Just then he heard a roar coming from the opposite direction.
It’s Willie
, he thought.
The kid must have heard the shots
.
Darrell saw Willie come around the bend and bomb across the creek, headed straight for him. He shot him in the chest from fifteen feet. The impact lifted Willie out of his seat and sent him crashing headfirst into the ground. The four-wheeler, with Willie splayed upside down over the side, his feet still tied to the front rack, rolled backward down the creek bank and nudged up against Frankie and Lloyd’s.
Darrell walked over and shot the kid in the head at point-blank range, spraying bits of brain over the creek bank and road. He turned the shotgun on Frankie and blew off the back of her head. Lloyd was next, a blast through the top of the forehead from four or five feet.
He slung the gun over his shoulder, reached across and took two gold rings, one of them diamond-studded, from Lloyd’s left hand, and a gold Pulsar watch from his wrist. He reached into Lloyd’s back jeans pocket and pulled out his wallet, a nice brown leather job, with two fighting cocks engraved on one side, and crossed spur gaffs on the other. He turned off the ignition of Frankie and Lloyd’s four-wheeler, then Willie’s, picked up some spent shell casings—
no time to look for them all
—and retrieved his pack and rifle from behind the blind. One last hurried look around
—move it, get outta here
.
Walking through the woods to Bear Creek, he paused to go through the wallet: six hundred dollars in tens, twenties, and fifties; a driver’s license; telephone, insurance, and veteran’s cards; a
Missouri game breeder’s card; a photograph of Lloyd’s youngest daughter, Retha. He removed the cards and photograph—everything but the money—and hid them under a log. He started walking again, and then thought he’d better ditch the wallet too; just hang on to the money—the money, the rings, and the watch. He spotted another log, fifteen feet from the first one, and stuffed the wallet underneath.

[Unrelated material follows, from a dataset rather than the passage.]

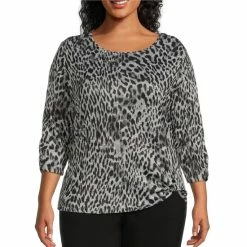 New 🎁 Allison Daley Plus Size Cheetah Print 3/4 Sleeve Round Neck Knot Hem Knit Top 🌟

He walked down the creek to the bridge on U.S. 65, tied the orange ribbon to the tree he’d pointed out to Mary, then crossed under and made his way to the little logging road up by the junction of U.S. 65 and Route 176.
S
UNDAY AFTERNOON AT
about two, Mary was sitting at Camp Ridge trying to figure out the best way of proceeding. She knew she’d have to leave soon for Bear Creek Road but she didn’t want to get there too early, before Darrell had a chance to get away from Lloyd’s farm and make his way to their rendezvous point. At the same time she didn’t want to get there too late, leaving Darrell waiting in the woods, maybe wondering if she’d lost her nerve and wasn’t going to show up at all. It was a question of timing, and she wasn’t the least bit straight on how to get the timing right.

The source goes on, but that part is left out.